SOURCE MATERIAL:
+++

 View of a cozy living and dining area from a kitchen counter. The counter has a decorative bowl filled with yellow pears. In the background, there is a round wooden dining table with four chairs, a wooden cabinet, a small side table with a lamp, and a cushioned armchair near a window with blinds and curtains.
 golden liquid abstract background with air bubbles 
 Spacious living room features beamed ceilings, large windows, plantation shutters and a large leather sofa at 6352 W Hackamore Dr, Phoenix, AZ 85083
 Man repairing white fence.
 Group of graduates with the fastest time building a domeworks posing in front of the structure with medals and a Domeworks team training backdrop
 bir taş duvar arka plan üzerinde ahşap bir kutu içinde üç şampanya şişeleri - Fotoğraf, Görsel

+++

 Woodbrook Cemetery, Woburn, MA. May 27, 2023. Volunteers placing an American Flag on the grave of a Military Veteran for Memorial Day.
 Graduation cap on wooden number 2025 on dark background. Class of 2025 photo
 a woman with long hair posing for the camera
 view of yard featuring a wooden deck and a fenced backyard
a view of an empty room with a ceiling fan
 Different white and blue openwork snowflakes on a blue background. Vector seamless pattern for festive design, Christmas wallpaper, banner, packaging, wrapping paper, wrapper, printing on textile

+++

WHAT THIS TASK INVOLVES:
Report each line of the data in which "white" occurs.

ANSWER:
 Man repairing white fence.
 Different white and blue openwork snowflakes on a blue background. Vector seamless pattern for festive design, Christmas wallpaper, banner, packaging, wrapping paper, wrapper, printing on textile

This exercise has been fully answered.